The unnerving ‘Channel Zero: Candle Cove’ is a horror anthology worth tuning in for

Last night I watched the first episode of Syfy's new horror anthology series Channel Zero: Candle Cove, and while it occasionally dragged in spots, director Craig Macneill (who helmed 2015's excellent budding-sociopath horror-thriller The Boy) managed to establish a quietly unnerving tone that feels unique to anything else on TV right now. Based on an internet “creepypasta” written by Kris Straub, the show created by Nick Antosca (Hannibal) is a little bit X-Files with more than a dash of Stephen King, shot through with Macneill's off-center sensibilities.

For those who aren't familiar with Channel Zero, Season 1 centers on child psychologist Mike Painter (Parks and Rec's Paul Schneider), who returns to his hometown nearly three decades after his twin brother and several other children were found murdered after watching a bizarre children's TV series entitled Candle Cove (for more specifics, you can read my explainer piece on the series here). It's an intriguing premise made even more so by the fact that, when prompted, Mike's mother (an excellent Fiona Shaw) maintains that Candle Cove was, at least from her perspective, nothing but a bunch of TV static.

The show begins on a very strong note, with a scene of Mike — dubbed “America's Child Psychologist” thanks to his regular media appearances — speaking with a Charlie Rose-esque TV host about his new book.
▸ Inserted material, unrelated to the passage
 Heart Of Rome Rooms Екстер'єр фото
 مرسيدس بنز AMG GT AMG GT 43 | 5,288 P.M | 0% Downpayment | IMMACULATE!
It's a seemingly benign setup that gradually goes off the rails when the host pulls out a phone and puts the caller, a maniacally giggling child, on speaker. It's a terrific opening that establishes the show's muted, offbeat tone in a few graceful strokes and leads us directly into Mike's return to his hometown, where he links up with several childhood friends who also remember watching the title series — a show that, among other terrifying characters, featured a walking skeleton named Jawbone.

While Channel Zero follows in the anthology footsteps of FX's American Horror Story by focusing on a single storyline each season, the former is a decidedly more restrained effort, and I think a lot of that has to do with Macneill, who directed all six Season 1 episodes back-to-back. Based on his work here as well as The Boy, he excels at the kind of horror that you can't quite put your finger on but which simmers beneath every setup and at the edges of every frame. In Channel Zero specifically, this nicely comes through not only in the cinematography but the performance of Schneider, whose every smirk seems to hide a yawning, endless scream.

As with every work of art, there are a lot of debts owed here, from Stephen King's It (which similarly centers on a group of adults haunted by childhood terrors) to David Lynch and Mark Frost's soon-to-be-revived Twin Peaks, whose influence can be seen all over the stilted, quietly dreamlike opening scene described above. Perhaps the most mortifying single creation here is the Tooth-Child, a skin-crawling humanoid entity made up entirely of the teeth of murdered and/or abducted children who, at least based on the show's IMDB page, will factor into every single episode this season.

I'm going to keep tabs on Channel Zero: Candle Cove in the coming weeks and will continue to weigh in with my thoughts here. For now, I strongly recommend giving it a try. You can watch Episode 1 over at Syfy's official website if you missed last night's airing.